Thus Wilhelm Wundt, the founder of the world’s first experimental psychology lab in 1879 at Leipzig and widely known as the “founding father of psychology,” addresses Kant’s arguments in the early pages of his textbook Principles of Physiological Psychology (1874/1902/1904). He begins with a summary of Kant’s arguments from MFNS:

Kant once declared that psychology was incapable of ever raising itself to the rank of an exact natural science. The reasons that he gives for this opinion have often been repeated in later times. In the first place, Kant says, psychology cannot become an exact science because mathematics is inapplicable to the phenomenon of the internal sense; the pure internal perception, in which mental phenomena must be constructed – time – has but one dimension. In the second place, however, it cannot even become an experimental science, because in it the manifold of internal observation cannot be arbitrarily varied – still less, another thinking subject be submitted to one’s experiments, conformably to the end in view; moreover, the very fact of observation means alteration of the observed object. The first of these objections is erroneous; the second is, at the least, one-sided. (1874, p. 6)

Wundt responds to these objections to the possibility of scientific psychology by drawing on nineteenth-century advances in sensory physiology.

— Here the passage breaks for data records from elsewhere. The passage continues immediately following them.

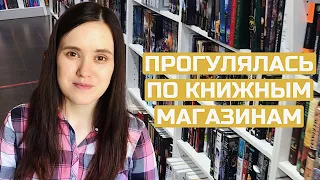 💫  ПО КНИЖНЫМ МАГАЗИНАМ | Фикспрайс, Читай-город и т.д.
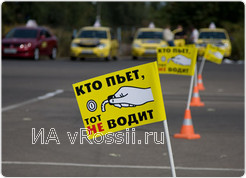 <em>Алкоголь и вождение не смешиваются</em>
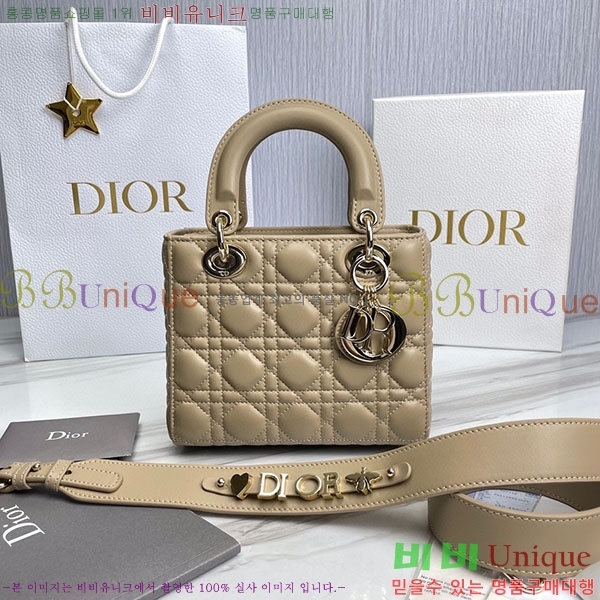 #��� ���� ABC ���̵�� ���� M0538-316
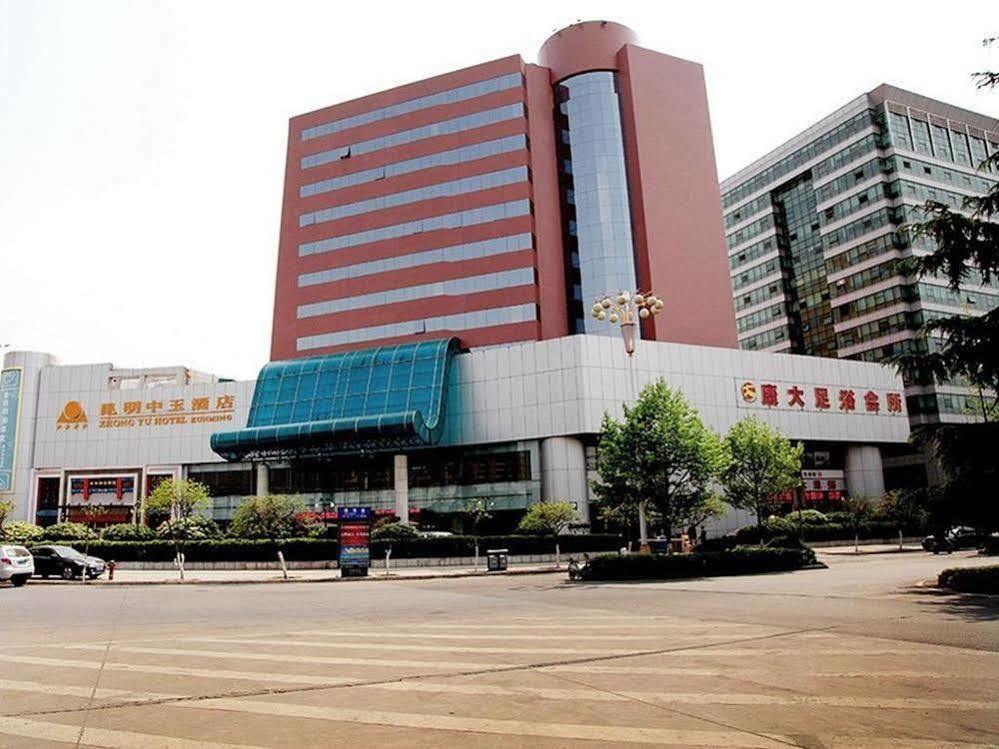 Kunming Zhongyu Hotel 外观 照片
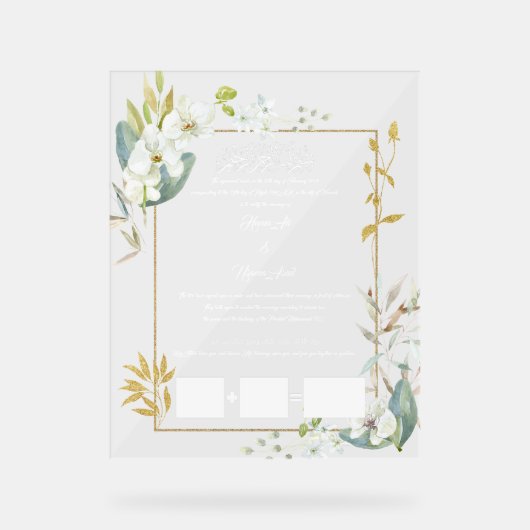 Moslim huwelijksakte, acrylcontract acryl bord (Voorkant)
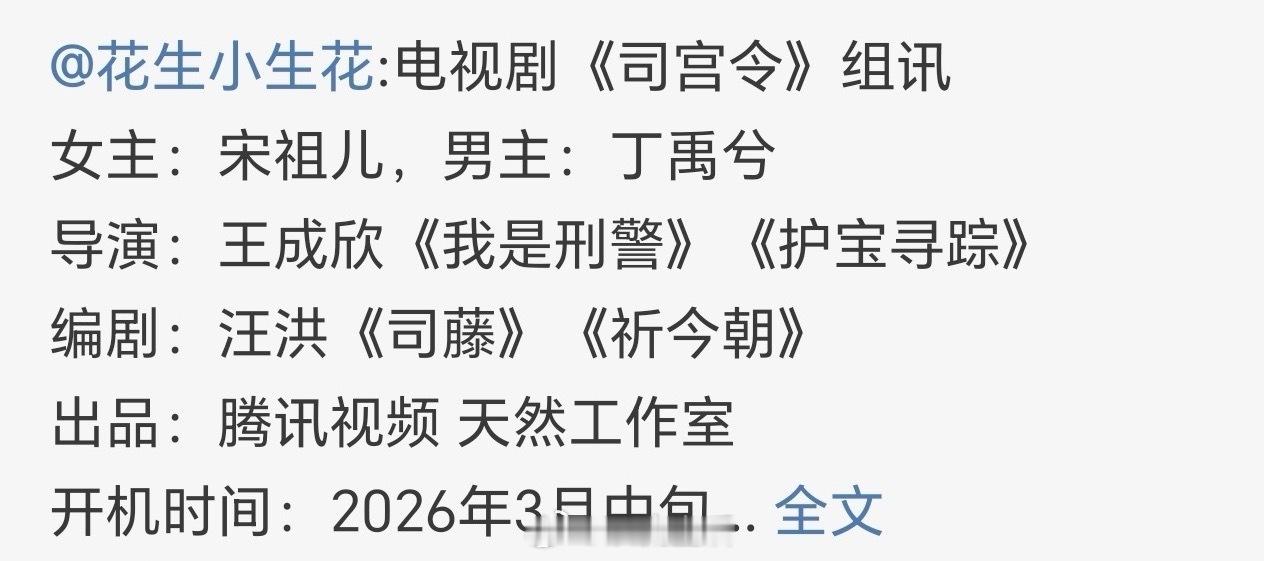 看到🍉主爆料司宫令一直遛宋祖儿和丁禹兮，没换过别人，是真的概率很大了吧。 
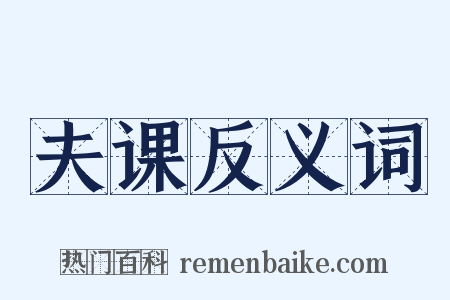 夫课反义词是什么意思的图片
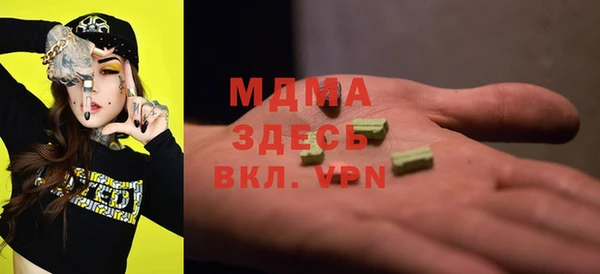 прущие крисы Кулебаки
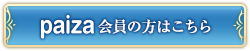 paiza会員の方はこちら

For most of the nineteenth century, our current understanding of the division between the sciences and humanities was not yet in place. Hermann Helmholtz, for example, made crucial contributions in geometry, physics, physiology, and philosophy. In the 1840s, Helmholtz was a member of the Berlin Physical Society, whose members signed an oath to explain life and consciousness in terms of only known physical and chemical principles. Consciousness, that is, is made of the same stuff, obeying the same laws, as everything else in the universe. Helmholtz invented the ophthalmoscope (1850), making it possible to study vision in greater detail than ever before. He also was the first to measure the velocity of neural conduction, which he estimated as 25–40 meters per second. Combined with his views that perceptual experience was nothing other than the activity of neurons, this implies that our experience is not of what is happening right now, but of the very recent past. These and many other findings lead Helmholtz to a detailed theory of perception as unconscious inference that is equally physiological and philosophical and that continues to inform twenty-first-century views of perception.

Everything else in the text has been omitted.